Another stain on FDR’s legacy is the repeated actions he took to turn away Jewish refugees during the Holocaust. As History.com recounts:
“As the 1930s progressed, rising anti-Semitism in Adolf Hitler’s Germany caused new headaches for Roosevelt. By 1939, the U.S. immigration quota allowed fewer than 30,000 Germans to come to the United States—a tenth of the number seeking admission as Hitler’s repression became more violent. The quota also banned the admission of anyone likely to become a public charge. That meant that many Jewish refugees, stripped of their assets before fleeing, couldn’t come to the U.S. legally, unless Roosevelt intervened.
But the president didn’t follow the advice of his Secretary of Labor Frances Perkins, who suggested he sign an executive order giving priority to refugees fleeing persecution. Later, the president again failed to intervene by allowing any of the 900-plus refugees aboard the German ocean liner St. Louis to land in the United States. (About a third of its passengers later perished in the Holocaust after being forced back to Europe.) It wasn’t until 1944, as the full horror of the Holocaust was becoming clear, that F.D.R. created the War Refugee Board to aid civilian victims of Nazi persecution.”
FDR also tried to pack the Supreme Court because it held parts of his agenda were unconstitutional. If successful, this radical act would have undermined and potentially destroyed the independent judiciary as an effective part of our constitutional order.
Progressives ignore all of these inconvenient facts because they love the massive expansion of the welfare state that FDR enacted. Indeed, as Cardi B mentioned, they often tout this as what got America through the Great Depression. Yet the idea that America overcame the Great Depression because of FDR’s policies—rather than despite them—is an enduring myth.

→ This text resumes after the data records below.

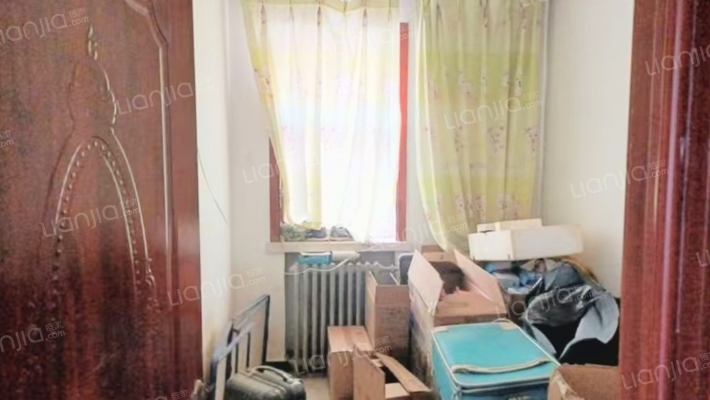 此房南北通透户型，采光好，社区停车方便-卧室A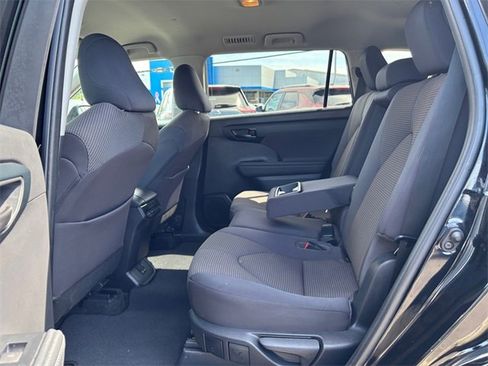 Used 2023 Toyota Highlander LE image 29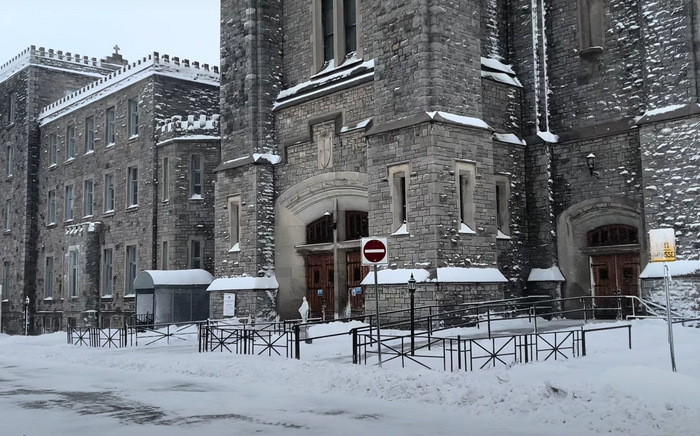 Вы думаете это церковь? Мы по началу то же так думали, но это Доминиканский колледж основан в 1260 году.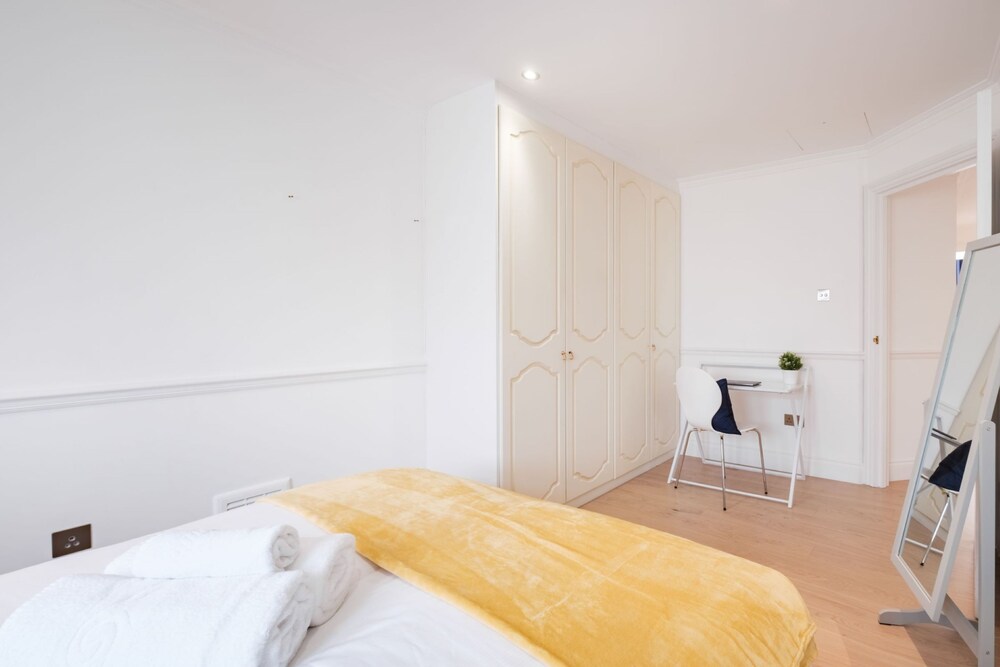 Soho-Fitzrovia 1BR London Apartment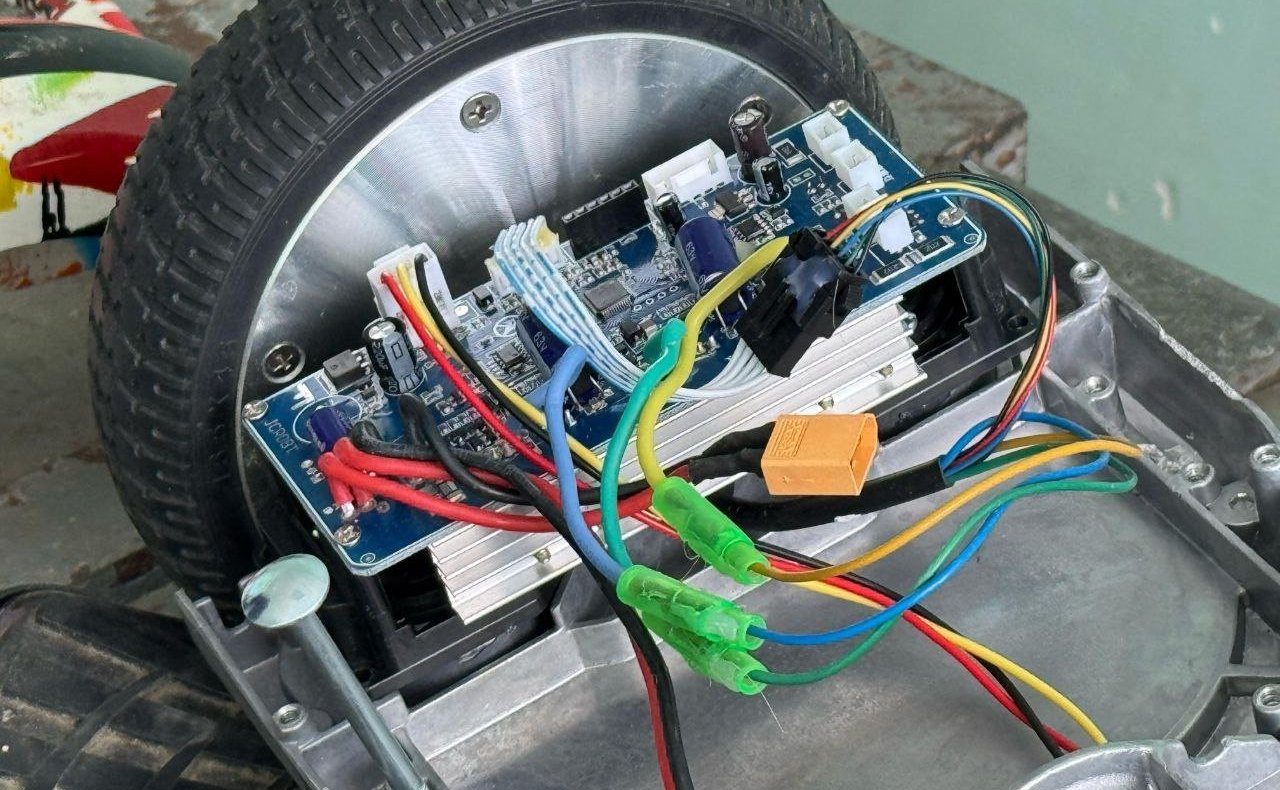 Андрей Хапочкин ознакомился с уникальным проектом, разработанным силами коллектива учебного заведения и волонтерской группы «Верность долгу»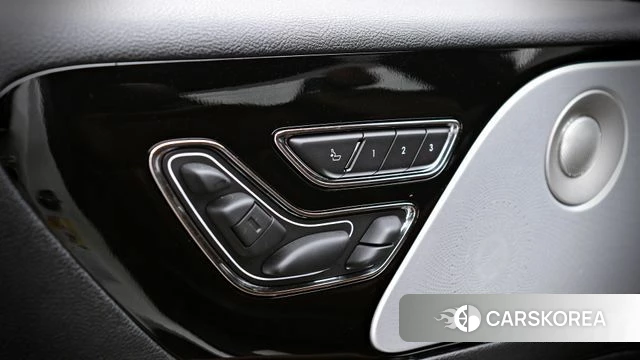 Lincoln Aviator 2nd generation 2023 Белый из Кореи, фото 2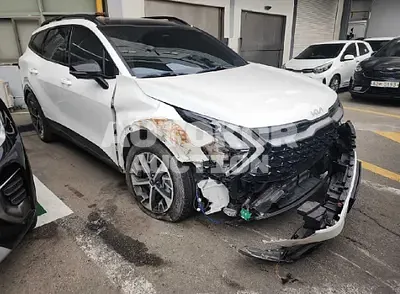 2023, Kia / Sportage, VIN: KNAPX81GBPK070869, 28694 км., hybrid, 1600 куб.см.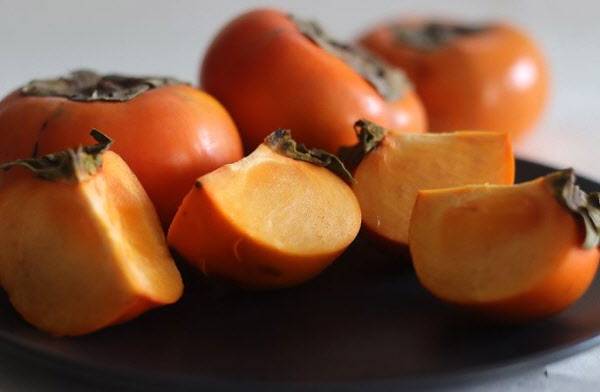 위석은 소화기 건강을 위협하므로 감 섭취에 주의를 기울여야 한다./사진=게티이미지뱅크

As Burton W. Folsom and Jim Powell recounted for FEE.org:
“The Great Depression of the 1930s was by far the greatest economic calamity in U.S. history. In 1931, the year before Franklin Roosevelt was elected president, unemployment in the United States had soared to an unprecedented 16.3 percent. In human terms that meant that over eight million Americans who wanted jobs could not find them. In 1939, after almost two full terms of Roosevelt and his New Deal, unemployment had not dropped, but had risen to 17.2 percent. Almost nine and one-half million Americans were unemployed.
On May 6, 1939, Henry Morgenthau, Roosevelt’s treasury secretary, confirmed the total failure of the New Deal to stop the Great Depression: ‘We are spending more than we have ever spent before and it does not work. . . . I say after eight years of this Administration we have just as much unemployment as when we started. . . . And an enormous debt to boot!’”
That’s right: Even FDR’s own Treasury Secretary admitted that his big government spending policies weren’t effective at ending the Great Depression.
FDR also clung on to power, usurping the norm established by George Washington that presidents would only serve two terms and running four times, only eventually giving up the presidency due to his death.
Ultimately, FDR was a wannabe tyrant. Thankfully, America survived his presidency. But it doesn’t seem like we’ve learned from our history—or it wouldn’t be so commonplace for famous figures to worship FDR while ignoring all the horrifying parts of his legacy.